For example, high levels of carbon monoxide relative to the other gases may indicate thermal breakdown of cellulose paper, while high hydrogen, in conjunction with methane may indicate a corona discharge within the transformer. Some of the more common key gas analysis fault conditions can be seen in Figure 2.
Furan derivatives are a measure of the degradation of cellulose paper. When the paper ages, its degree of polymerization reduces, so its mechanical strength decreases. The degree of polymerization can only be determined directly by taking a sample of paper, a very complex operation and almost never performed in practice. However, the degree of polymerization of the paper can be directly related to the concentration of furan derivatives in the oil. Furan derivates are formed as a direct result of the breakdown of the polymeric structure of cellulose paper. The content of furan derivatives is relatively easy to measure in the oil, using HPLC and is thus a way of measuring the aging of the paper.

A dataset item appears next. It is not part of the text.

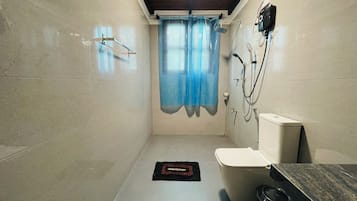 Un baño pequeño con inodoro, ducha y cortina de baño azul.
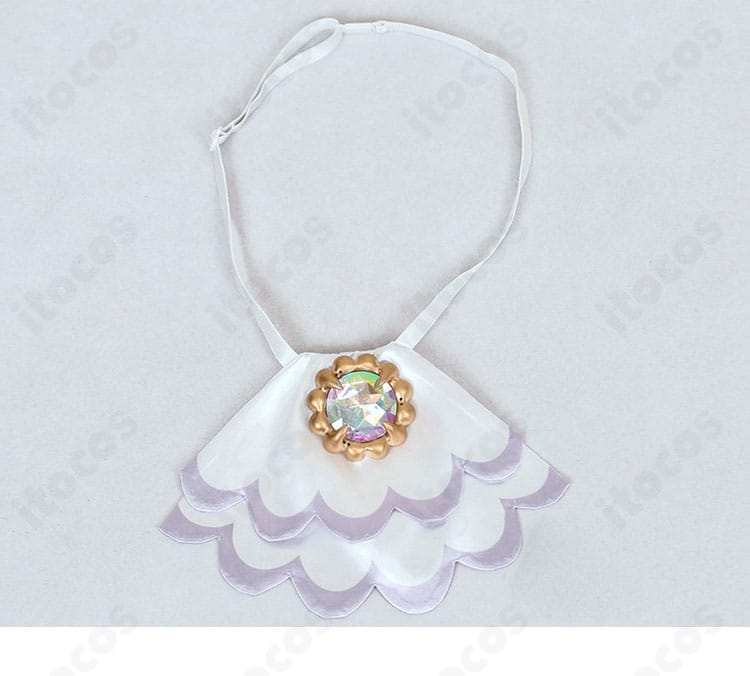 ネックアクセの装飾ディテール。首元のモチーフと金具の艶感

Just like machinery oil analysis, electrical insulating oil analysis can play a vital role in preventing unscheduled outages in electrical transmission and distribution equipment by determining the condition of the equipment itself, and other vital components including the condition of the oil and the cellulose paper insulation. For all critical oil-filled electrical equipment, including transformers, circuit breakers and voltage regulators, regular, routine oil analysis should be the cornerstone of any PM program.

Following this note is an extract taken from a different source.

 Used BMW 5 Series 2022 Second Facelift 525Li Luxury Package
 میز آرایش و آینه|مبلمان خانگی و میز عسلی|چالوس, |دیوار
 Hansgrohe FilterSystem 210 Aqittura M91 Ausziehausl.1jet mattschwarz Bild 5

Transformer Sampling (ASTM D923)
Just like machinery oil analysis, the ability of insulating oil analysis to provide an early warning sign of a problem condition is dependent on the quality of the oil sample that is sent to the lab. A sampling point on any equipment should be identified and clearly labeled for the technician. As with sampling locations in other types of equipment, the same location should be used each time a sample is collected to ensure representative conditions are tested. This point should be located in a place where a live oil sample can be collected rather then in an area where the oil is static.

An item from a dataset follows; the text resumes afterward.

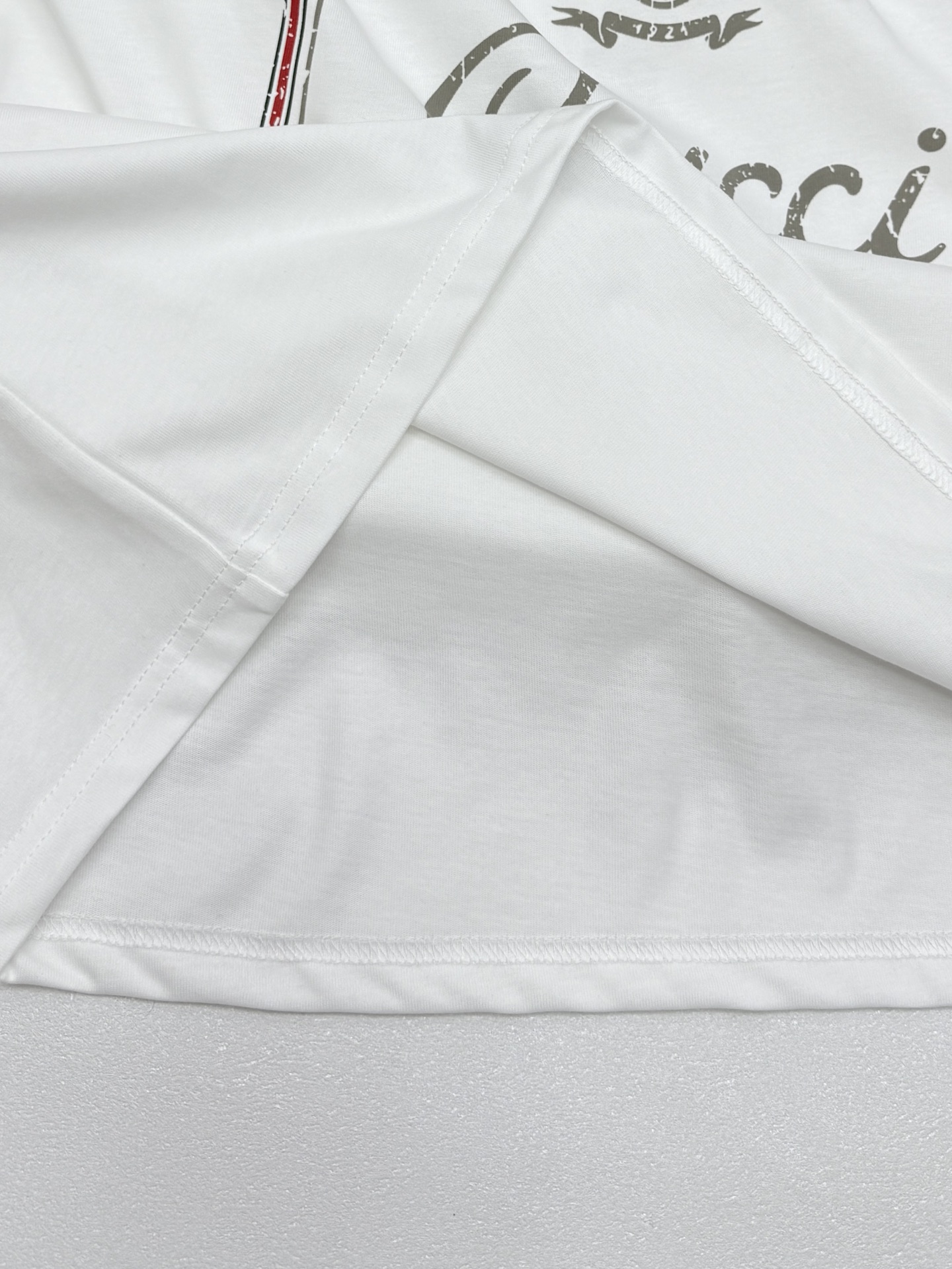Gucci Gucci古驰做旧印花T恤短袖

Fluids with specific gravity greater then 1.0, such as askarels, should be sampled from the top because free water will float. For fluids with a specific gravity less than 1.0, such as mineral-based transformer oils, synthetic fluids and silicone oils, the sample should be taken from the bottom since water will tend to drop to the bottom in these fluids.
There are a number of environmental variables, such as temperature, precipitation, etc., to consider before collecting a sample. The ideal situation for collecting a sample from an electrical apparatus is 95°F (35°C) or higher, zero percent humidity and no wind. Cold conditions, or conditions when relative humidity is in excess of 70 percent, should be avoided, as this will increase moisture in the sample. Collecting a sample during windy conditions is also not recommended because dust and debris enter the clean sample easily and disrupt accurate particle counts. If sampling the oils is unavoidable when the outside temperatures are at or below 32°F (0°C), it should not be tested for water content or any properties that are affected by water such as dielectric breakdown voltage.
For dissolved gas analysis, an elaborate procedure must be followed, including the use of a glass syringe; with strict adherence to sampling protocol to ensure that the concentration of dissolved gases is not influenced in any way by sampling procedure. This procedure is described in detail in ASTM D3613.